In a Friday post, I noted a potential eveningstar formation on the daily S&P 500 chart. The validity of the pattern is unimportant at this point, the chart is clearly damaged and will require technical repair next week. There was a weak bounce off the lows in Friday’s session, but the close remained below the 50 day moving average and on volume that was about 11% greater than the 50 day moving average of volume. The first level of support is the 2065 area which acted as important resistance in January and February, and below that is the channel bottom.
The percent of stocks in the S&P 500 above their 50 day moving averages dropped from 65% to 44% last week, but interestingly the VIX, after testing the intersection of its 50 and 200 day moving averages, closed in lower candle range.
Much of the blame for the steep sell-off in the our markets on Friday was attributed to Europe, and specifically the German stock market. The Germany iShares (EWG) fund gapped open and below the uptrend line that delineated its strong rally this year and its 50day moving average. It did manage to close near center range on the day and looks like it might have formed a small hammer candle. The significance of a hammer candle is greater if it forms around some level of support which is not the case on this chart.
So, there is work to be done next week as the market continues to digest earnings, and while it doesn’t look like we’ll be making new highs in the immediate future, a retest of the channel low, if it were to occur, is only another two percent lower.
The bearish divergence in the stock price of Berkshire Hathaway (BRK/B) and the S&P 500 index may have been a caution flag. The stock year-to-date is down 6% while the index is up one percent. On the weekly chart, the price momentum indicators began to decline early in the year and last month Chaikin Money Flow entered negative territory. Berkshire shares are crossing below their 40 week (200 day) moving average for the first time since the beginning of 2014, and the next level of support is the long term uptrend line, currently in the $135.00 area.
There is a lot of talk today about the weakness in Germany as the catalyst for the downdraft in our markets. Here is a chart of the iShares Germany Fund (EWG) for reference. It gapped below the uptrend line that has supported its strong year-to-date advance, and has breached the 50 day moving average.
The S&P 500 index continues to move within a trading channel. In March, the bottom of the range was established by the formation of a morningstar pattern on the daily chart. This is a three-period bullish reversal pattern defined by a large dark candle, a narrow opening and closing range day, and completed by a large white candle. It represents transition from bearishness to bullishness. The top end of the channel was confirmed in early April by a eveningstar reversal formation. This formation is the reverse of the morningstar and represents a transition from bullishness to bearishness.

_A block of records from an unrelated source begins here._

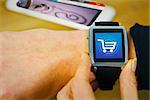 Businesswoman with smart watch on wrist against trolley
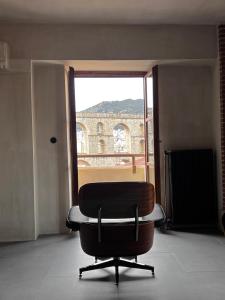 a black chair sitting in front of a window at hellofrom Tobacco Warehouse in Kavála
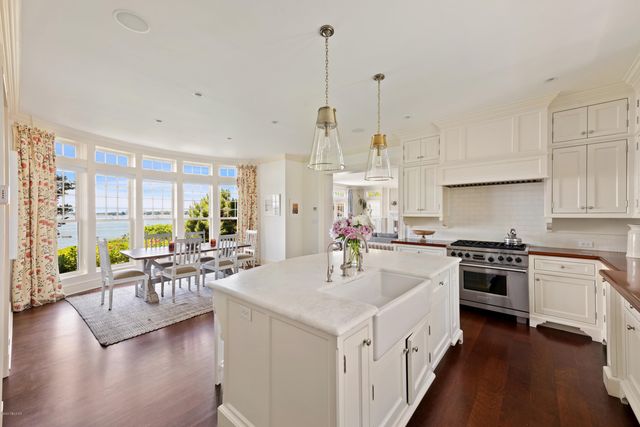 a kitchen with stainless steel appliances granite countertop a stove top oven a sink a dining table and chairs with wooden floor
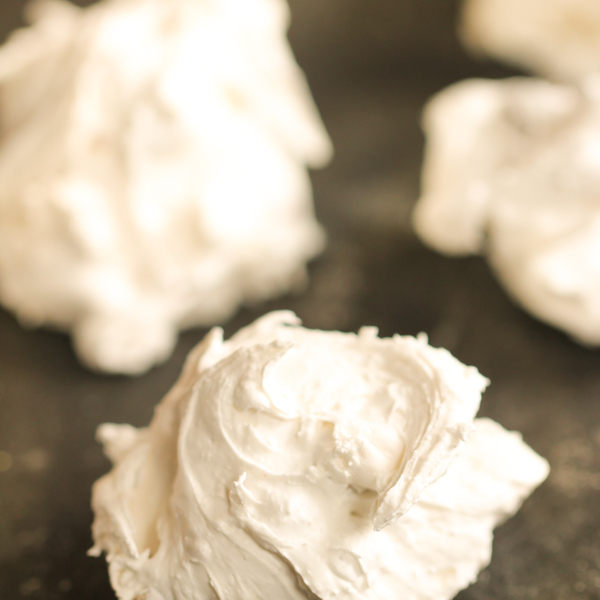 Close-up of several white meringue cookies on a dark surface.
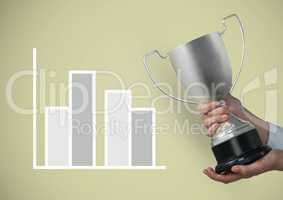 Cropped image of hand holding trophy by graph against beige background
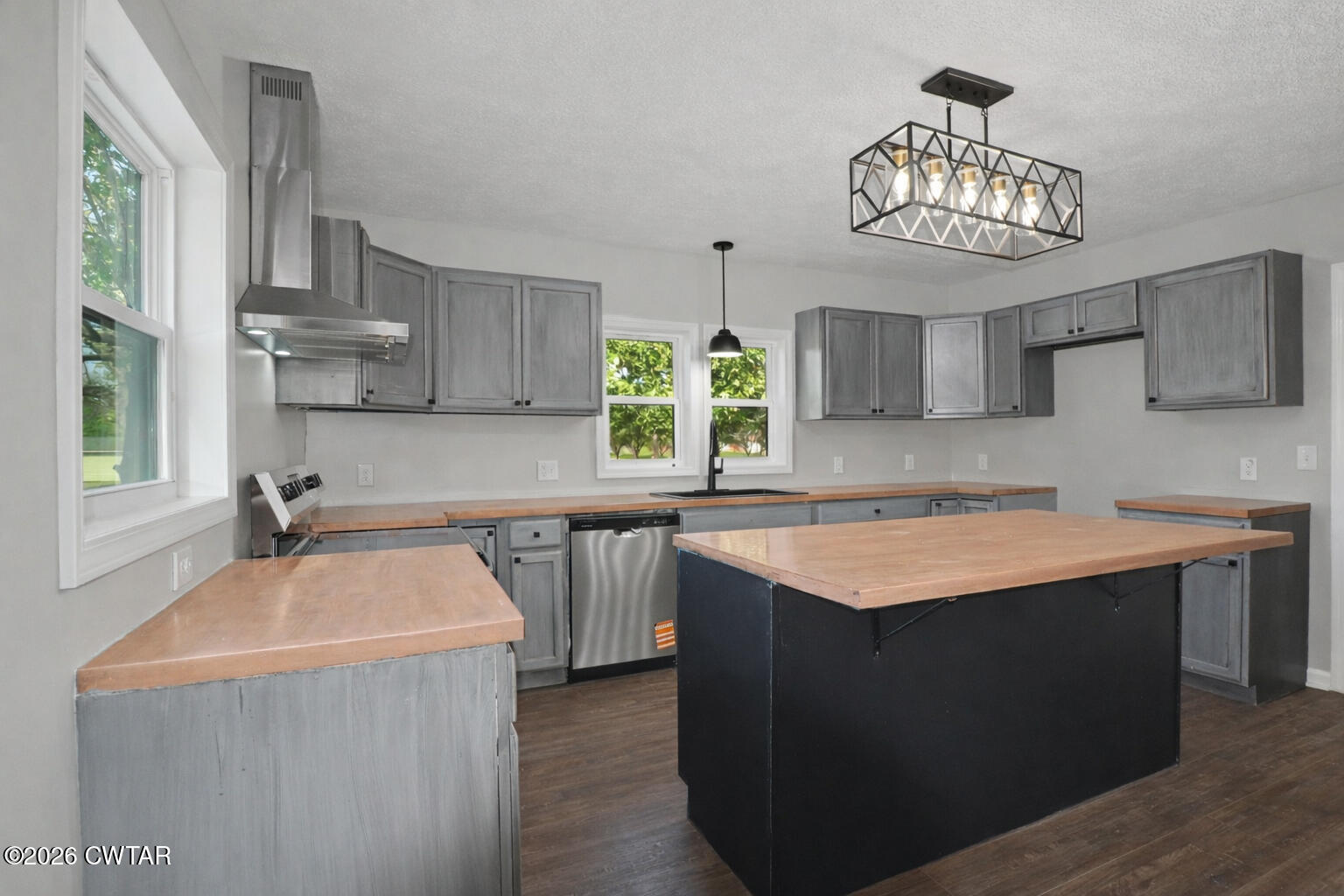 4177 Gum Flat Road Bells, TN 38006 - Photo 17 of 30 a kitchen with stainless steel appliances granite countertop a sink a stove and a refrigerator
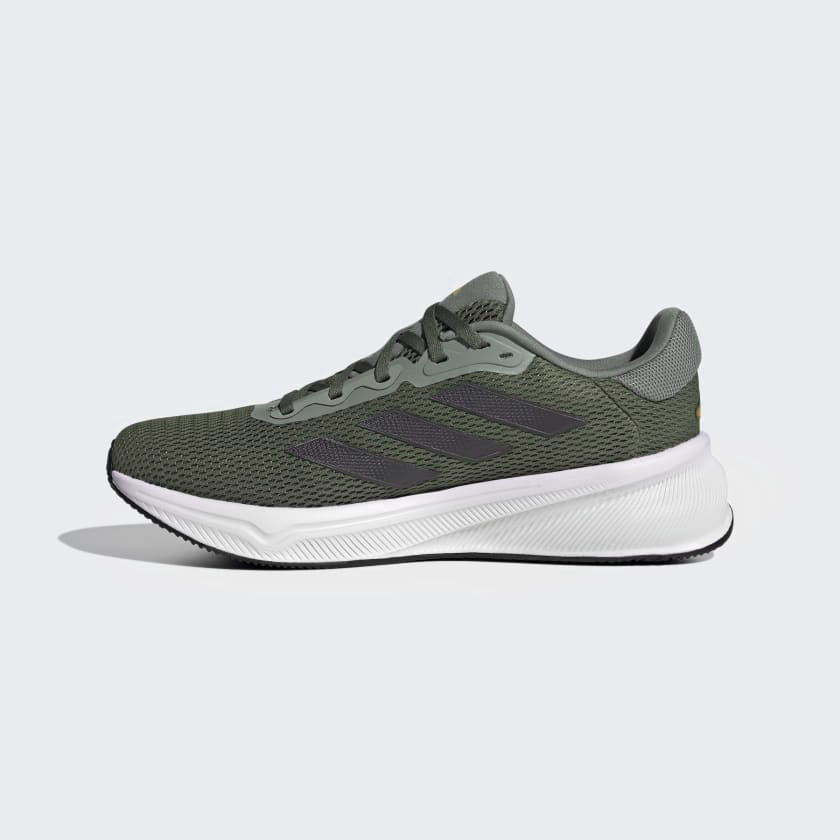 Adidas Response running shoes in dark green with breathable mesh upper, black stripes, and cushioned white midsole, side view.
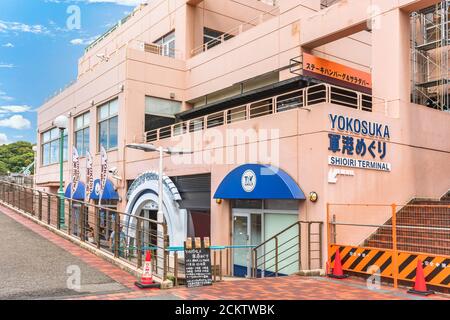 yokosuka, japan - july 19 2020: Entrance of the Shoppers Plaza Yokosuka shopping center with the desk of the cruise of Yokosuka Naval Port at Shioiri Stock Photo
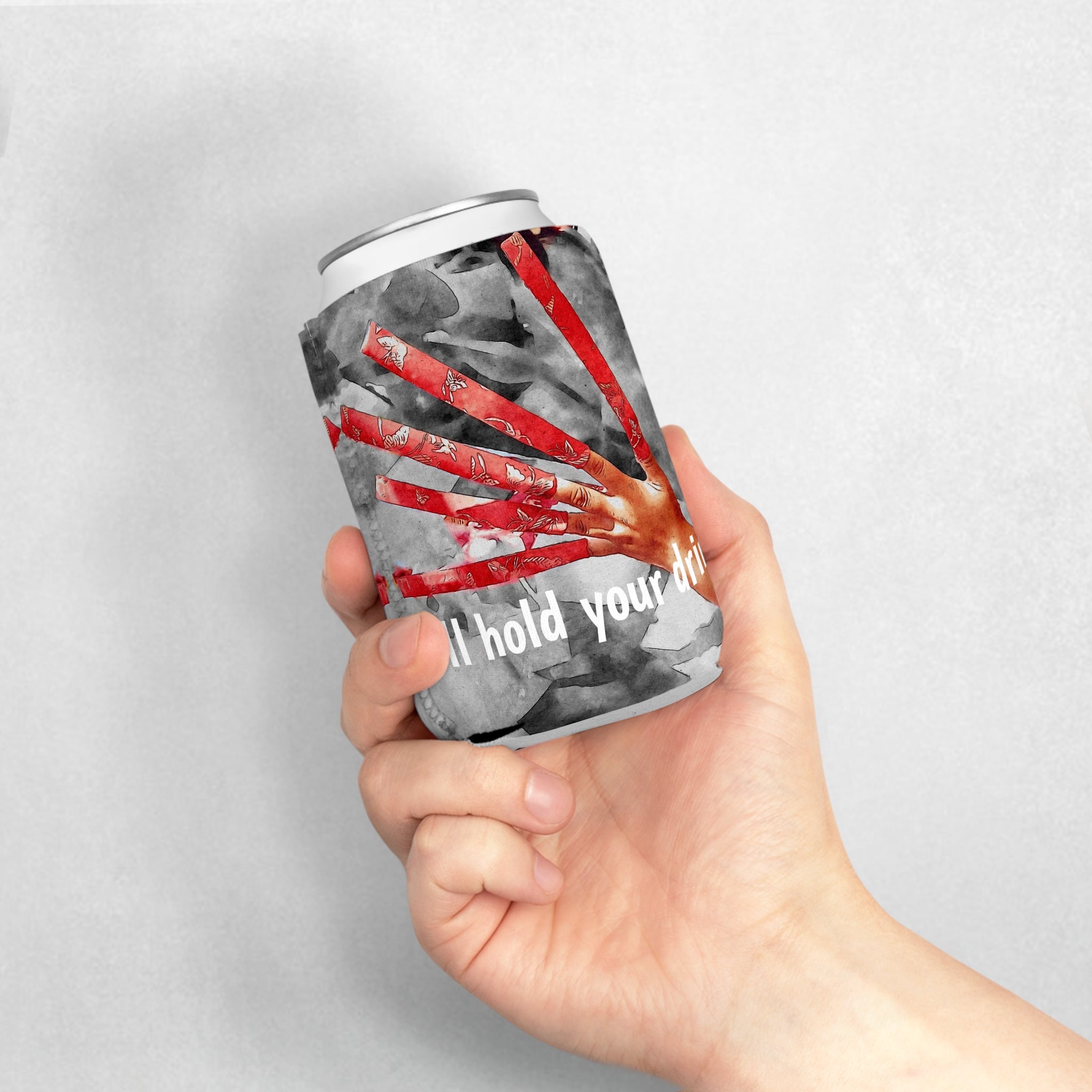 Hand holding a can with a graphic design and text on a gray background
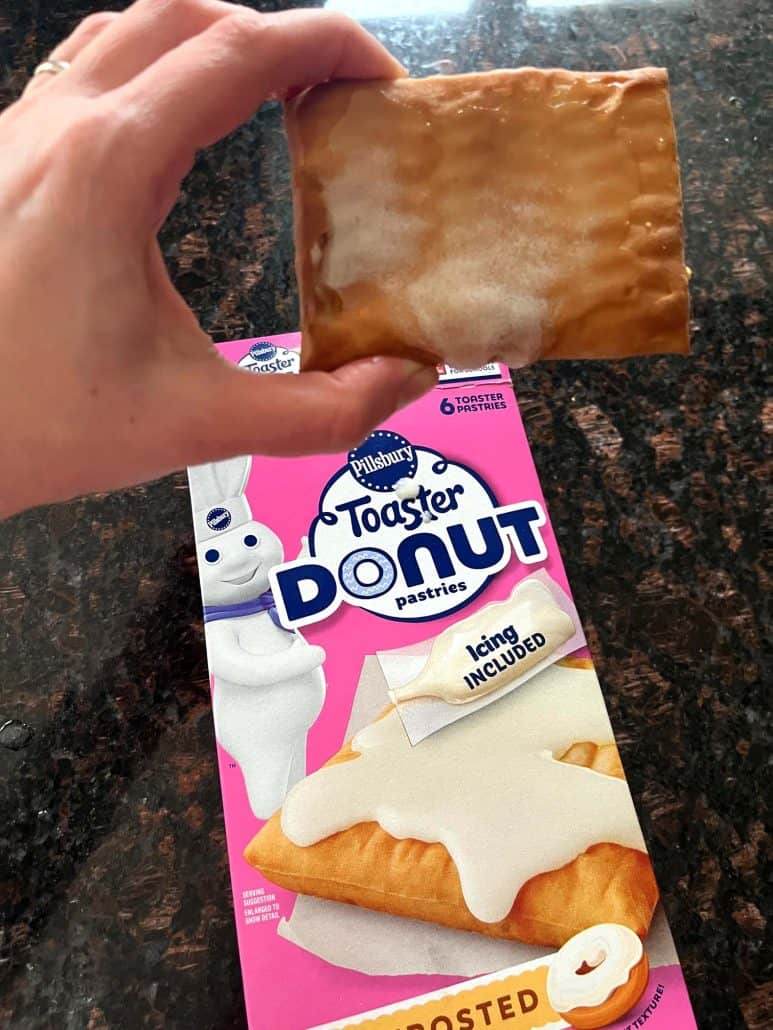 Melanie Mendelson from melaniecooks.com is holding a frosted Pillsbury Toaster Donut Pastry above the product box, showing the finished air fryer pastry next to its packaging.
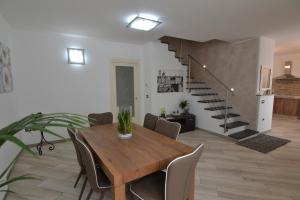 a dining room with a table and chairs and a staircase at B&B Canavaccio in Urbino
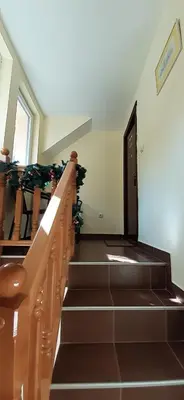 a set of stairs with christmas decorations on them at Apartments Villa Stars in Kopaonik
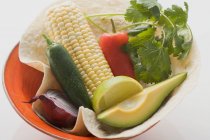 Крупный план кукурузного початка с авокадо, перцем, травой, луком и лаймом в миске — стоковое фото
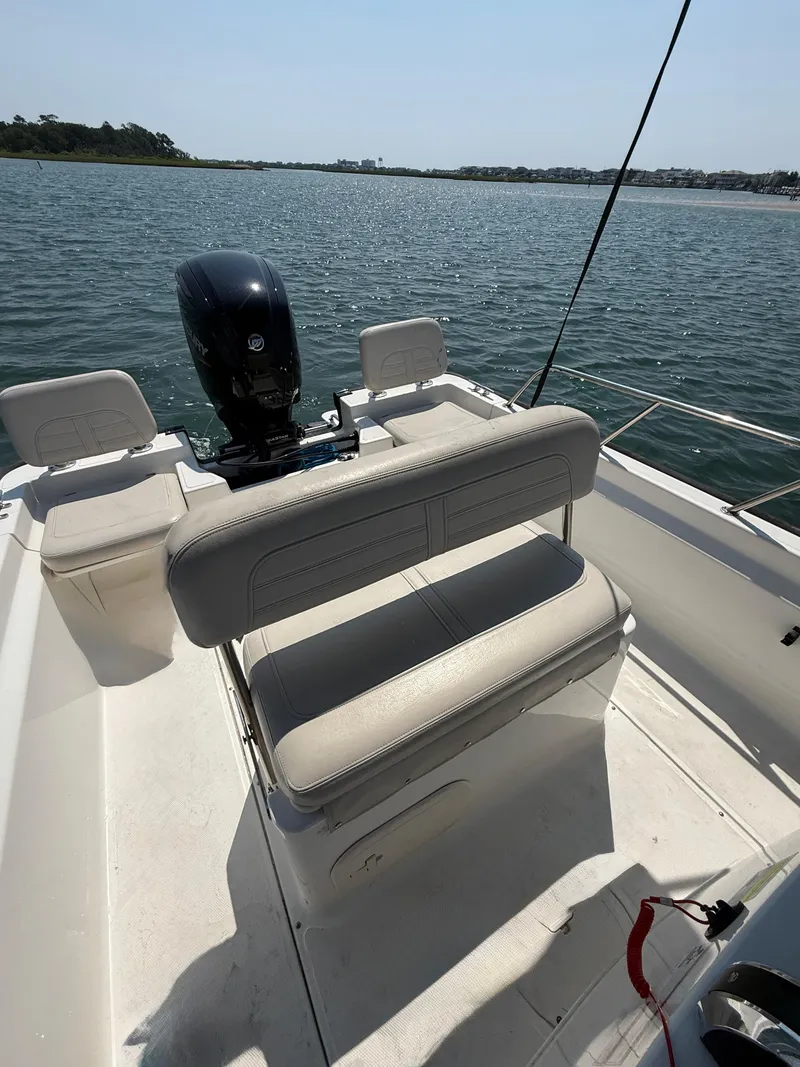 Slide: The Image of 2022 Boston Whaler 170 Montauk boat interior with seating and outboard motor on a sunny day. - 20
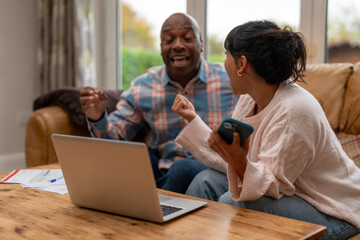 Obraz premium Two people engage in lively discussion at home while seated on a couch with a laptop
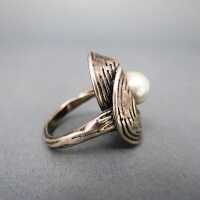 Unique abstract sterling silver womans ring with a beautiful pearl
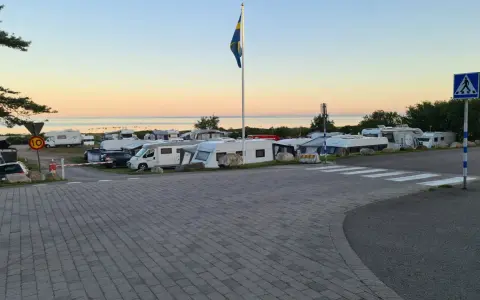 Solnedgång över Lerbergets camping med husbilar och husvagnar uppställda. En svensk flagga vajar i vinden.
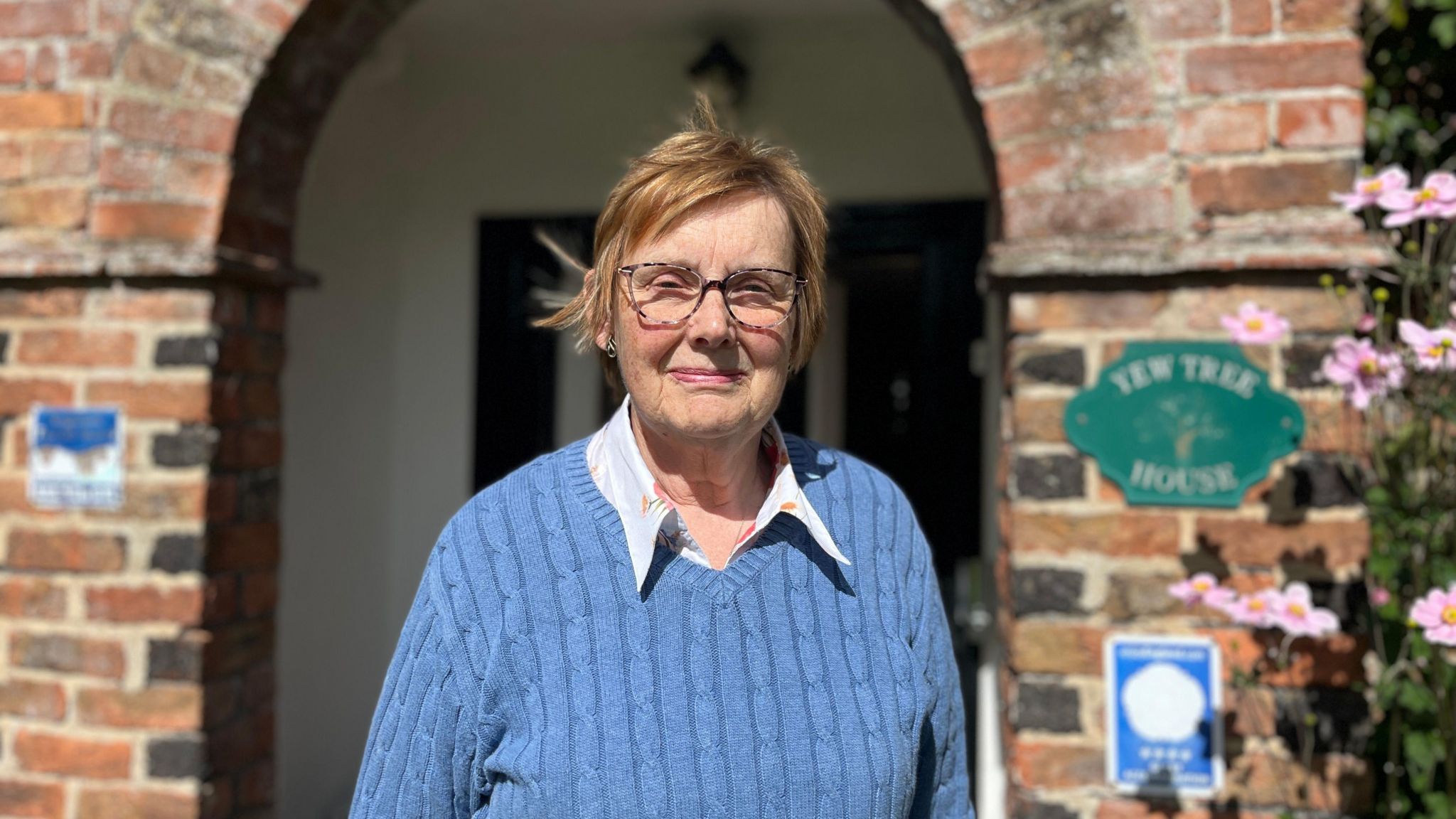 Anne Fox in a blue jumper in front of the entry to her bed and breakfast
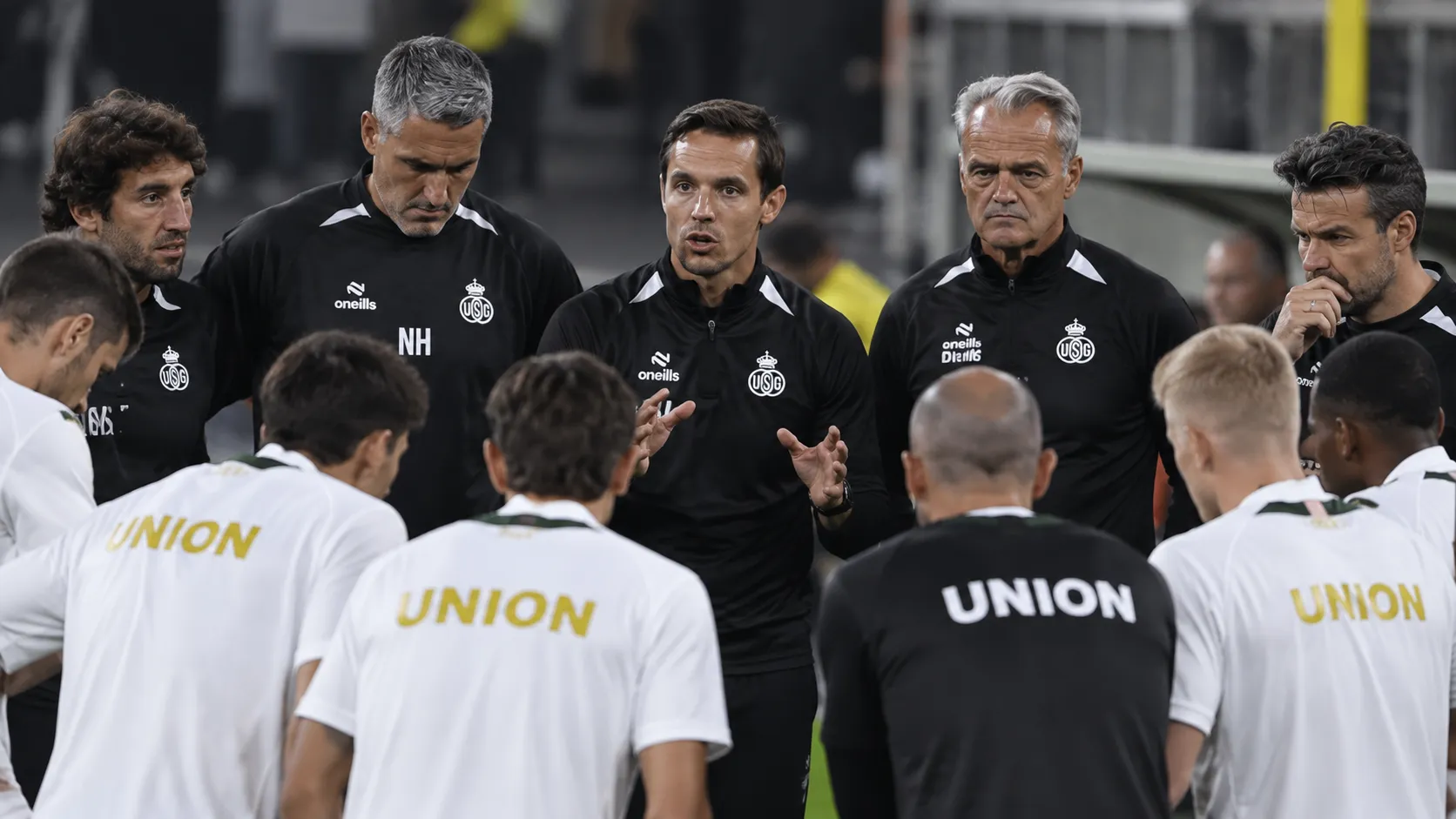 Spelers en stafleden van Union SG vormen een hechte kring aan de rand van het veld.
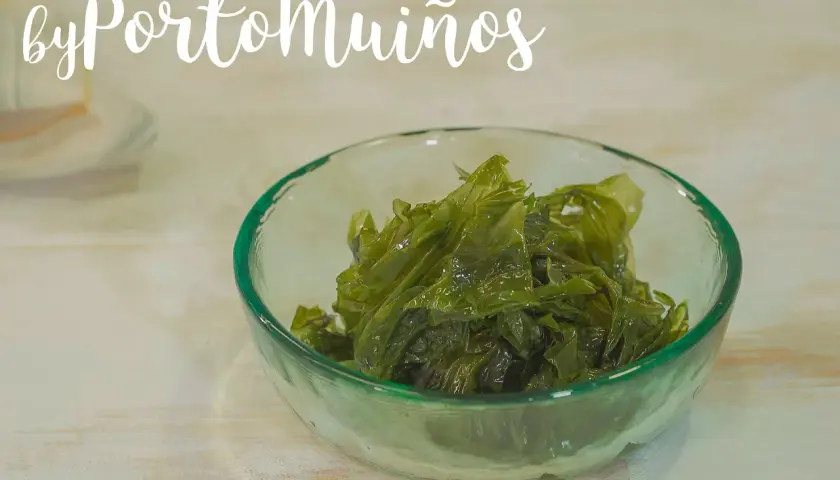 Un cuenco de cristal verde contiene pimiento de mar fresco y brillante.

At this point in today’s trading and it is of course very early in the session, there is the potential for another eveningstar on the daily chart. The pattern would be negated by a bounce off the 50 day moving average, which was tested and has held so far, and a close in mid-to-upper candle range.
After Starbucks (SBUX) made a new high in February, the MacD began moving in bearish divergence to price and the Money Flow Index crossed below the 21 period average of the indicator that I use as a signal line. The following month the MFI crossed below its centerline, reflecting distribution. A bearish engulfing candle formed on the Starbucks (SBUX) chart in yesterday’s session, and it looks like the stock could test the lower end of a potential widening top pattern and its 50 day moving average. While the RSI and Stochastics (not shown) are not in oversold conditions, the 50 day moving average has diverted from the 200 day average to a level not seen since late 2013, when the stock was trading near $40.00. It then pulled back about 15% to its April 2014 low, as the 50 day average reverted back to the 200 day average.